Czernys Übungen sind deshlab keinesfalls als tote Technikübungen zu verstehen, sondern als Muster, die man sich aneignen kann - nicht, um sie nur zu spielen, sondern um damit zu spielen. Wenn man sich freie Fantasien aus dieser Zeit anschaut (die allerdings nur selten aufgeschrieben wurden, weil sie in der Regel als Eingänge zu Stücken improvisiert wurden), dann kann man sehen, dass diese aus genau solchen musikalischen Bausteinen zusammengesetzt sind, die Czerny exemplarisch notiert hat.

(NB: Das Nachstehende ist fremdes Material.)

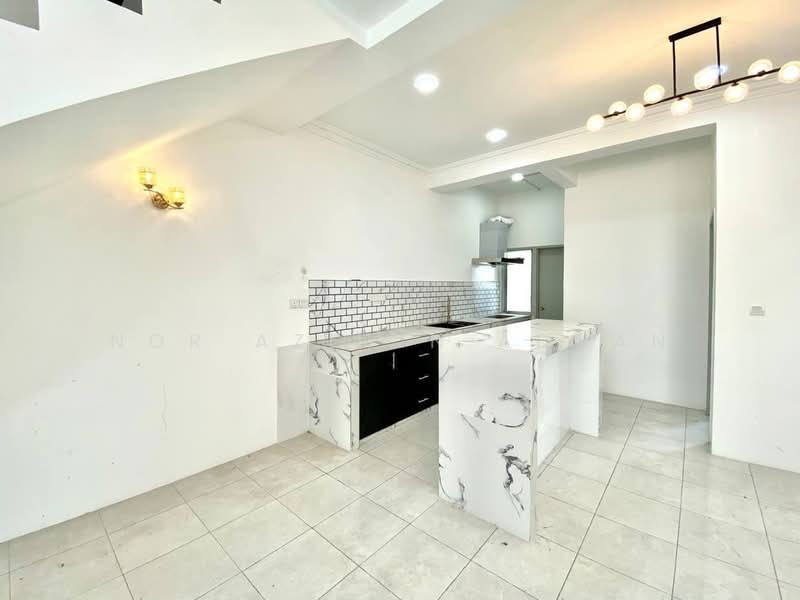 2-storey Terraced House for Sale in Semenyih (Selangor) - Nor Azdlin Adnan - Kitchen - PropertyGuru.com.my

Etwas anderes sind die Technikübungen von Brahms, Liszt, Busoni, Cortot etc. Die sind weniger als musikalische Bausteine zu verstehen, sondern wirklich als Kompendien bestimmter Klaviertechniken. Vernünftig einsetzen lassen sie sich allerdings nicht, wenn man beim Üben nicht den konkreten musikalischen Sinn vor Augen hat und dementsprechend übt. Dazu muss man schon auf ziemlich hohem Niveau spielen, denn man kann Technik nicht "auf Vorrat" üben. Ohne musikalischen Hintergrund ist jedes Üben ein vollkommen sinnloses Unterfangen. Man wird ja auch kein guter Schauspieler, wenn man verbissen übt, einzelne Buchstaben möglichst schnell hintereinander aufzusagen. Hanon hat sowas propagiert - und leider glauben heute noch immer ein paar Leute daran, dass das funktionieren könnte. Tut es nicht!